Sri Lanka started the innings poorly, losing Kusal Perera to Umesh Yadav again in the 1st over. A 105 run partnership between Mahela Jayawardene and Tillakaratne Dilshan revived Sri Lanka's innings. however, three-wickets in three overs by Axar Patel during the powerplay resulted in Sri Lanka losing all the momentum. Banking on a superb century from Jayawardene and a 50 from Dilshan Sri Lanka scored 242. India started positively in their reply and a fighting 79-ball 91 from Shikhar Dhawan laid the foundation for India's victory. During his innings of 53 Indian captain Virat Kohli became the fastest batsmen in terms of innings to reach 6000 career ODI runs.

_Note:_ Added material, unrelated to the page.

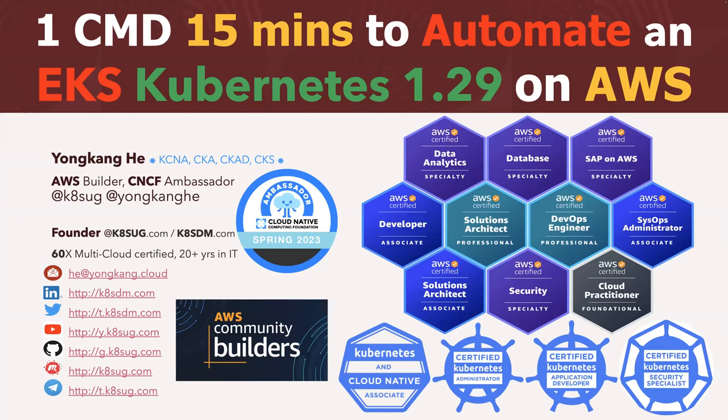Hello everyone. My name is Yong Kang Hee. As you can see from the screen, I love AWS. I'm 10 times AWS certified. I love Kubernetes. I'm fully certified on Kubernetes. I just added another one, KCSA. I'm an AWS Community Builder. I'm also a CNCF Ambassador.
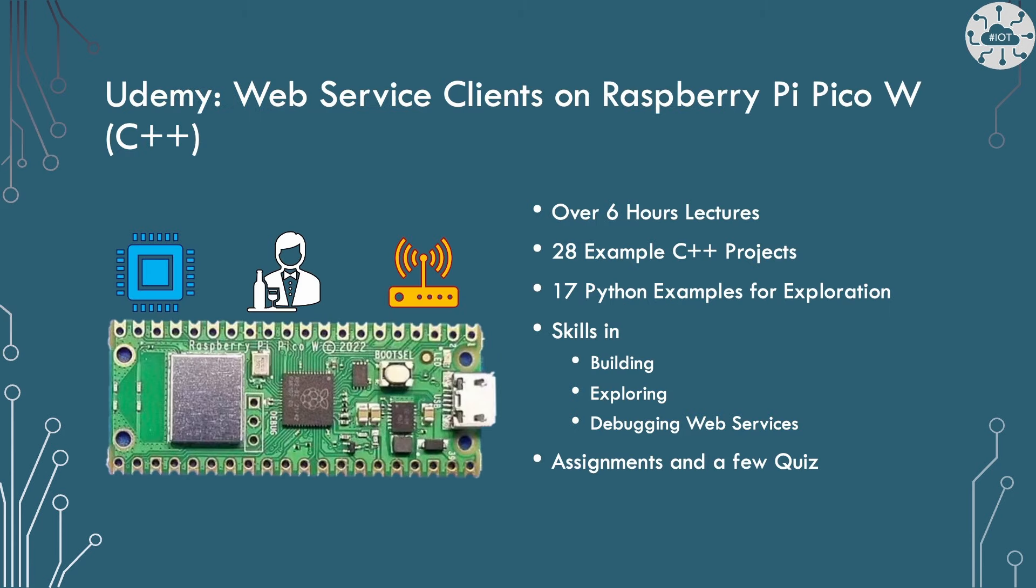In this video I'm going to show you what is possible but I can't teach you everything about web services and writing web services clients on the Raspberry Pi Pico W. This video is only 20 minutes long whereas I've got a course on Udemy that teaches this that is six hours long. That course has 28 example projects. It shows how to use Python to explore and understand the web services before we actually build them, as well as techniques around debugging web services so that you can build, explore and debug those web services that you're building. I've put the link in the description. Go check out the course. It gives you all of the grounding that you need to be able to build these web services.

Yadav achieved his maiden 4-wicket haul in ODIs.

===4th ODI===

The fourth match of the series became a one-man show. Rohit Sharma, playing his first international match after fracturing his finger against England in August 2014, scored a record-breaking 264 off 173 balls, as India scored 404 in their allocated 50 overs. The innings involved a 202 run partnership for the 3rd wicket between Sharma and captain Virat Kohli, and a 128 run partnership for the 5th wicket between Sharma and Robin Uthappa, in which Uthappa contributed only 16. Sri Lanka lost their first 4 wickets for 48 runs. Fifties from captain Angelo Mathews and Lahiru Thirimanne only delayed the inevitable as India took a 4–0 lead in the series.

===5th ODI===

The start of the Sri Lankan innings followed the similar pattern from previous matches. They lost an opener early in their innings. However a 128 run partnership between captain Angelo Mathews and Lahiru Thirimanne lead to a recovery in the innings. Sri Lanka scored 73 runs in their last 5 overs and 114 runs in the last 10 as on the back of Mathews maiden ODI century Sri Lanka posted a competitive total.